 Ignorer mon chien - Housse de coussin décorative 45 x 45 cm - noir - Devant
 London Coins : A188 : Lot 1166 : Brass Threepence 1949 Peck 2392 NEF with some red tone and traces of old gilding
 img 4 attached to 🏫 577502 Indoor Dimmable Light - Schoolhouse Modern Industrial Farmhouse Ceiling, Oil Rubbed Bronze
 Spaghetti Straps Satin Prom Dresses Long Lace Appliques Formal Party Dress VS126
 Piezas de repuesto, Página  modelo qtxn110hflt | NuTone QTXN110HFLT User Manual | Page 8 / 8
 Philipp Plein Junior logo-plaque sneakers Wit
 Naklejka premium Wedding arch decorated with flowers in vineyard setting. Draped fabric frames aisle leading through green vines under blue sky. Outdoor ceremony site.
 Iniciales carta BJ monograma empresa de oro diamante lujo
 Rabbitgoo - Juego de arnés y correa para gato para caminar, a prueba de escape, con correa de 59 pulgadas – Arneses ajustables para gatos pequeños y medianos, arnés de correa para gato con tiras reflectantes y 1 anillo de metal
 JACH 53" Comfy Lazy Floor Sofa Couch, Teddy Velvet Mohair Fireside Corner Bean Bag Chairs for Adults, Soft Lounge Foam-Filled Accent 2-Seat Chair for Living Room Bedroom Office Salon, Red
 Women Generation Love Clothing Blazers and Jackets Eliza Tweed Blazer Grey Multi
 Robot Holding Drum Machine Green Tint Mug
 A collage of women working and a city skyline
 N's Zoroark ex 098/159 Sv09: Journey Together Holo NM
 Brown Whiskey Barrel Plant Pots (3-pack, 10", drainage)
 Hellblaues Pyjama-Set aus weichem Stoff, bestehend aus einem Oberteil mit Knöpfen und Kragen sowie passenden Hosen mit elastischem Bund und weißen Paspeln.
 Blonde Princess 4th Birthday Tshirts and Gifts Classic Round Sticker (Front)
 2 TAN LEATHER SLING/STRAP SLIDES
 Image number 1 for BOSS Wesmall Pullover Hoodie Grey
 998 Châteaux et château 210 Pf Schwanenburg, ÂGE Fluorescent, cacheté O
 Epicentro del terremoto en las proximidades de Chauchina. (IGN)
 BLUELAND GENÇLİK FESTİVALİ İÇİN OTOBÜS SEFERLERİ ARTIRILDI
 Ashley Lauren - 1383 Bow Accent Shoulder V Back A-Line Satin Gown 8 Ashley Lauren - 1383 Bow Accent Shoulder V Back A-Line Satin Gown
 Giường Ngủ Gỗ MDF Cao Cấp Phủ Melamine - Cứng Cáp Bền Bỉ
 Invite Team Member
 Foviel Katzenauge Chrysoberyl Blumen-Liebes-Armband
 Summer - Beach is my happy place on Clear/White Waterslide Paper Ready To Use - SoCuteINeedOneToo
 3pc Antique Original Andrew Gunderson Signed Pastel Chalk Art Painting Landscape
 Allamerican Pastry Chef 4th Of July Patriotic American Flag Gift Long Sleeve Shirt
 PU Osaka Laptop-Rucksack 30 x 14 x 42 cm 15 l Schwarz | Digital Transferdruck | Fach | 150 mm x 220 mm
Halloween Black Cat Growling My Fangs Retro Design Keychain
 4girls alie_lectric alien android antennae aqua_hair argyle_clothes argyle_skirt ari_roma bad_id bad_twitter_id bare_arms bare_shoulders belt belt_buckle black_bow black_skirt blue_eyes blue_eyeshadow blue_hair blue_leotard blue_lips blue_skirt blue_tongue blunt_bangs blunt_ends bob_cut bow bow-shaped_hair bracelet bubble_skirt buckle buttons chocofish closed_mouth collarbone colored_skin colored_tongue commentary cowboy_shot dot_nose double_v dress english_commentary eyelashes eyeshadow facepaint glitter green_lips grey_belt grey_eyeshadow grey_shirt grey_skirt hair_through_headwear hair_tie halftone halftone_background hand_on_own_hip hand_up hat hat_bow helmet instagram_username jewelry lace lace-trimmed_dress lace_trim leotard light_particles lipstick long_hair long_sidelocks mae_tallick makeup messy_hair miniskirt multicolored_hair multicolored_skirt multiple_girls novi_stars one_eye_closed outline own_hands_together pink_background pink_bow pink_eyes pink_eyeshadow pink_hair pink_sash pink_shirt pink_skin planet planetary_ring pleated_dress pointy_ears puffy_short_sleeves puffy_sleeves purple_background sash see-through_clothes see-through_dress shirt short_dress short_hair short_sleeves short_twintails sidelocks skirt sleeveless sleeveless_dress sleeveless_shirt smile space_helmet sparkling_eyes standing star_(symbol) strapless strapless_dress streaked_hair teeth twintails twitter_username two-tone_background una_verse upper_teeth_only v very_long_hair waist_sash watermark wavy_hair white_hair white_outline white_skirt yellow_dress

• **Requirement**
Repeat the data word for word, starting at its first line and stopping after the line that contains "2 TAN LEATHER SLING/STRAP SLIDES".

• **Finished task**
 Ignorer mon chien - Housse de coussin décorative 45 x 45 cm - noir - Devant
 London Coins : A188 : Lot 1166 : Brass Threepence 1949 Peck 2392 NEF with some red tone and traces of old gilding
 img 4 attached to 🏫 577502 Indoor Dimmable Light - Schoolhouse Modern Industrial Farmhouse Ceiling, Oil Rubbed Bronze
 Spaghetti Straps Satin Prom Dresses Long Lace Appliques Formal Party Dress VS126
 Piezas de repuesto, Página  modelo qtxn110hflt | NuTone QTXN110HFLT User Manual | Page 8 / 8
 Philipp Plein Junior logo-plaque sneakers Wit
 Naklejka premium Wedding arch decorated with flowers in vineyard setting. Draped fabric frames aisle leading through green vines under blue sky. Outdoor ceremony site.
 Iniciales carta BJ monograma empresa de oro diamante lujo
 Rabbitgoo - Juego de arnés y correa para gato para caminar, a prueba de escape, con correa de 59 pulgadas – Arneses ajustables para gatos pequeños y medianos, arnés de correa para gato con tiras reflectantes y 1 anillo de metal
 JACH 53" Comfy Lazy Floor Sofa Couch, Teddy Velvet Mohair Fireside Corner Bean Bag Chairs for Adults, Soft Lounge Foam-Filled Accent 2-Seat Chair for Living Room Bedroom Office Salon, Red
 Women Generation Love Clothing Blazers and Jackets Eliza Tweed Blazer Grey Multi
 Robot Holding Drum Machine Green Tint Mug
 A collage of women working and a city skyline
 N's Zoroark ex 098/159 Sv09: Journey Together Holo NM
 Brown Whiskey Barrel Plant Pots (3-pack, 10", drainage)
 Hellblaues Pyjama-Set aus weichem Stoff, bestehend aus einem Oberteil mit Knöpfen und Kragen sowie passenden Hosen mit elastischem Bund und weißen Paspeln.
 Blonde Princess 4th Birthday Tshirts and Gifts Classic Round Sticker (Front)
 2 TAN LEATHER SLING/STRAP SLIDES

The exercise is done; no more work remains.